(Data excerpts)
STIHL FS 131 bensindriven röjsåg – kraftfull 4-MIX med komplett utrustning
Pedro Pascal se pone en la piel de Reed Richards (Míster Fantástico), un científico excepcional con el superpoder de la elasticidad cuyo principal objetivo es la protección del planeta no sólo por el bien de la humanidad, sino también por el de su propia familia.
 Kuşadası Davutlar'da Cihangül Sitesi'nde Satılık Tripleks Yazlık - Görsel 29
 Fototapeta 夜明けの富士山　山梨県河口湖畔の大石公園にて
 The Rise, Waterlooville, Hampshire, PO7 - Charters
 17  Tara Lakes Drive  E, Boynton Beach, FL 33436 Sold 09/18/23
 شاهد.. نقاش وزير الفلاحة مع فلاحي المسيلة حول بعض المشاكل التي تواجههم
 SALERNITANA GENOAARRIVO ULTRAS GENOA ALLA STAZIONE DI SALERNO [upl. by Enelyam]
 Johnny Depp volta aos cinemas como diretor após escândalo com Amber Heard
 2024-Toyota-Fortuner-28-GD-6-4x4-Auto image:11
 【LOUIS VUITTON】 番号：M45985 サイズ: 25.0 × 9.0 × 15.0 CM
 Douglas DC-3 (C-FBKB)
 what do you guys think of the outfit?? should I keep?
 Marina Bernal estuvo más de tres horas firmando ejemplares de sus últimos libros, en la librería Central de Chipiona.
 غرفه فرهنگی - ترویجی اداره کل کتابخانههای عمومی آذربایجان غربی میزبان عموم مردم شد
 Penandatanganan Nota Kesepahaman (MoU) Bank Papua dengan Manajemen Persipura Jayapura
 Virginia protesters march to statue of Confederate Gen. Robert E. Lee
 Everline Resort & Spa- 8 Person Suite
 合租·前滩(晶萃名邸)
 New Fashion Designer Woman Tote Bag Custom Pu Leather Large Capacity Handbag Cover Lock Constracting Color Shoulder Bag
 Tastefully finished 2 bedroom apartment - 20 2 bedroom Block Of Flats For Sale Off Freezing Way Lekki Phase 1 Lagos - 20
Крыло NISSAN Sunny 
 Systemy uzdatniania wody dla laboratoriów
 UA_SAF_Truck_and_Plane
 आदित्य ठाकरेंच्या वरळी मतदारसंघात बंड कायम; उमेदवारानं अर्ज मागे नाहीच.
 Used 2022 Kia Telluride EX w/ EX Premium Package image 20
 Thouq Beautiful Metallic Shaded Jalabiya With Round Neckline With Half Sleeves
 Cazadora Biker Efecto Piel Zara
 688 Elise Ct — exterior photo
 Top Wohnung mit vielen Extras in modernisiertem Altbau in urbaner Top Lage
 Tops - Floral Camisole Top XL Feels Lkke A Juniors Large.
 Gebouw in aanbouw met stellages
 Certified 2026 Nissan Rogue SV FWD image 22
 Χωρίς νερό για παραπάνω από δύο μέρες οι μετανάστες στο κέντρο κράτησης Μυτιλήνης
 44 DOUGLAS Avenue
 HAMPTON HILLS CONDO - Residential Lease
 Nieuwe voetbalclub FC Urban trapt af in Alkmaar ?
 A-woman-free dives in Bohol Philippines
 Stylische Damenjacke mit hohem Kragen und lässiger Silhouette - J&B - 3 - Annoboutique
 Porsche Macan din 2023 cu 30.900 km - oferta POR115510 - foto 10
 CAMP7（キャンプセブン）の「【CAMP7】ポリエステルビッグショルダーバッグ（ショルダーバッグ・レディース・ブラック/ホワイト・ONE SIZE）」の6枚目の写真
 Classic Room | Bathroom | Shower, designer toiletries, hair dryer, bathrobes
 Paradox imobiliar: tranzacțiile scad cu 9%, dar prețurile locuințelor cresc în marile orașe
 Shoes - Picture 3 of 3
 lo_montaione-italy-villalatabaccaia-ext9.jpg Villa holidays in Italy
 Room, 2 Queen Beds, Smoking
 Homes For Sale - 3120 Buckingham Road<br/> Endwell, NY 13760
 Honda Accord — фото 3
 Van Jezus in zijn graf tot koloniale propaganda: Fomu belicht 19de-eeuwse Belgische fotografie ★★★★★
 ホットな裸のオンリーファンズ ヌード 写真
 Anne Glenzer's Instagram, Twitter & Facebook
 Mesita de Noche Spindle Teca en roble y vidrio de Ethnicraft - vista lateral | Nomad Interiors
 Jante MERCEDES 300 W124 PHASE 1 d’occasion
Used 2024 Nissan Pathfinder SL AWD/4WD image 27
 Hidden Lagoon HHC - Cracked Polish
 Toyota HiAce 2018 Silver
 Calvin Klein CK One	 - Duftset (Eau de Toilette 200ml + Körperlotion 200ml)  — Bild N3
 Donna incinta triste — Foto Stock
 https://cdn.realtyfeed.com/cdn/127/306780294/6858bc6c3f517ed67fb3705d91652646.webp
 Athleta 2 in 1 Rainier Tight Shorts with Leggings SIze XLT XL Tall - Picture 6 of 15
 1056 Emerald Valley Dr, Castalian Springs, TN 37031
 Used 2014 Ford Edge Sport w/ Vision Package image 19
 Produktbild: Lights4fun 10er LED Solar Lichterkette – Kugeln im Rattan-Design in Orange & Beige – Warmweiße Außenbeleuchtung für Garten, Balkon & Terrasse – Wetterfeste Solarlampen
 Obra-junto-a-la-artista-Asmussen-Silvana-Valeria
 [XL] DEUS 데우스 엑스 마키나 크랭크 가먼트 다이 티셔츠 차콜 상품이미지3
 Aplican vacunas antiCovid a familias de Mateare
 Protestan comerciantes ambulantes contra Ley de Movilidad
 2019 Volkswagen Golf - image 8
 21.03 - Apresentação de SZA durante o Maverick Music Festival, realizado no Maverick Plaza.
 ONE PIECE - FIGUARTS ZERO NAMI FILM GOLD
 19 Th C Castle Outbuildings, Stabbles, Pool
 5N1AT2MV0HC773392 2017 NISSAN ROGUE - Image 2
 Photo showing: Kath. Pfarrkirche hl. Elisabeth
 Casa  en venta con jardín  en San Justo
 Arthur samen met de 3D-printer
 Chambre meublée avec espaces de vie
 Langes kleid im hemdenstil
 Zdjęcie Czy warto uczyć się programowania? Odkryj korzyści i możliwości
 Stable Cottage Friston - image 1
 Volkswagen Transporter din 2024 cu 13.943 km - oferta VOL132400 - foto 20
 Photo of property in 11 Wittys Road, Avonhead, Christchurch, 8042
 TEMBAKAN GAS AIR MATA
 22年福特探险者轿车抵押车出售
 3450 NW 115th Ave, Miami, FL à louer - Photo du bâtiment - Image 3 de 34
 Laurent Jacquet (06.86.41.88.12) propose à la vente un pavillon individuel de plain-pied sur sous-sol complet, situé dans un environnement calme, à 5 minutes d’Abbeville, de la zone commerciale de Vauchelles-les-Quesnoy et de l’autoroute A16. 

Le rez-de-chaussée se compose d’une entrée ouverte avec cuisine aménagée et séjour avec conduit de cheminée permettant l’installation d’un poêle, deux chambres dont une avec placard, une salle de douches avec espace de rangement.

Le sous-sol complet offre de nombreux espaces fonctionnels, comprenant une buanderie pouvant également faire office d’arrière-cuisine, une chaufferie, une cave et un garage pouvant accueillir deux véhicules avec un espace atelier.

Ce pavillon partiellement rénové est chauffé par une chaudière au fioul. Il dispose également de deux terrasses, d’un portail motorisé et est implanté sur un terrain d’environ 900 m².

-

» Try it:
Check each line of the records for the string "Volkswagen" and copy those that have it.

» Your response:
 2019 Volkswagen Golf - image 8
 Volkswagen Transporter din 2024 cu 13.943 km - oferta VOL132400 - foto 20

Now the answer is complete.